René Magritte
the Empire of Lights
1953-54
Think “and” rather than “or”
René Magritte, in the 1950s, is an artist with growing notoriety. Since his participation in the surrealist movement thirty years earlier, he has produced works that are sometimes funny, often mysterious, accomplishing the feat of marrying humor and philosophy, poetic inspiration and intellectual rigor, academic technique and avant-garde ideas.

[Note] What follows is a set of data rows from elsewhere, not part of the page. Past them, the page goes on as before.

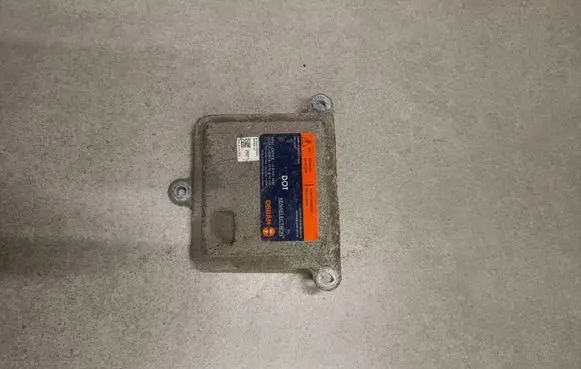 Tesla Model S Headlight ballast module Xenon A70525700DG 00033413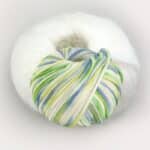 Fargeprøve av Lana Grossa Gelato, farge 06 og Permin Bella farge 201.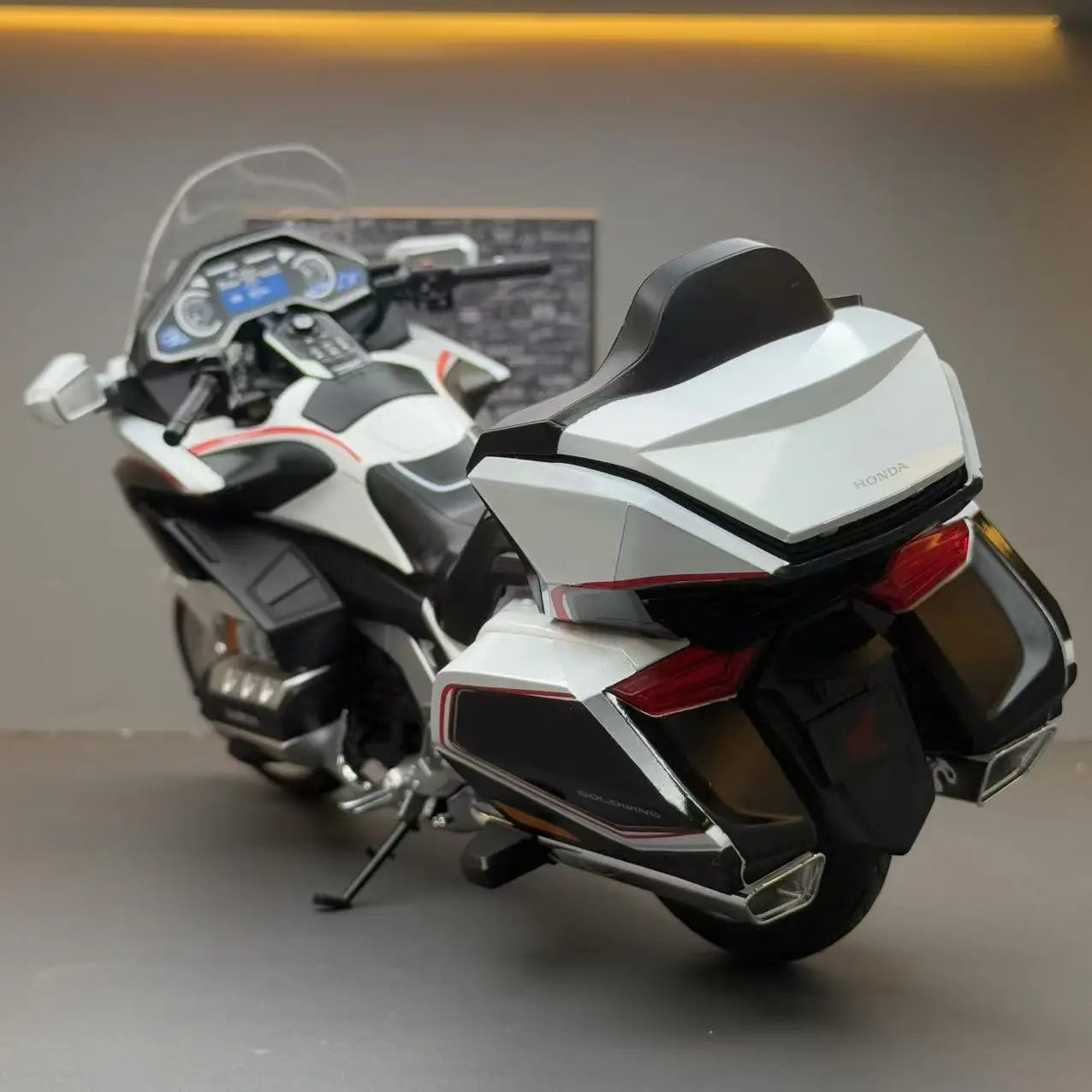 Honda Gold Wing GL800 2021 diecastmodelcars.pk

The series of paintings entitled the Empire of Lights , which takes up a similar composition on several canvases, illustrates the talent of this man of paradoxes. Facades and trees, immersed in a thick
half-light pierced only by the light of a streetlamp, stand out against a sunny sky dotted with white clouds. Is it daylight? Is it night? Both, actually. The scene is impossible and yet the illusion is perfect: our reason is defeated. The secret to this magic trick is time. Magritte plays with our perception by superimposing two different temporalities in the same scene, associating propositions – day and night – which, in principle, should be mutually exclusive. He thus suggests that it is sometimes possible to reconcile apparently contradictory concepts.
What we can take away:
As our understanding of the world goes through a process of categorizing ideas, we often tend to think in terms of opposition. Replacing this logic of alternatives (this or that) with a search for reconciliation (this and that) makes it possible to imagine original solutions.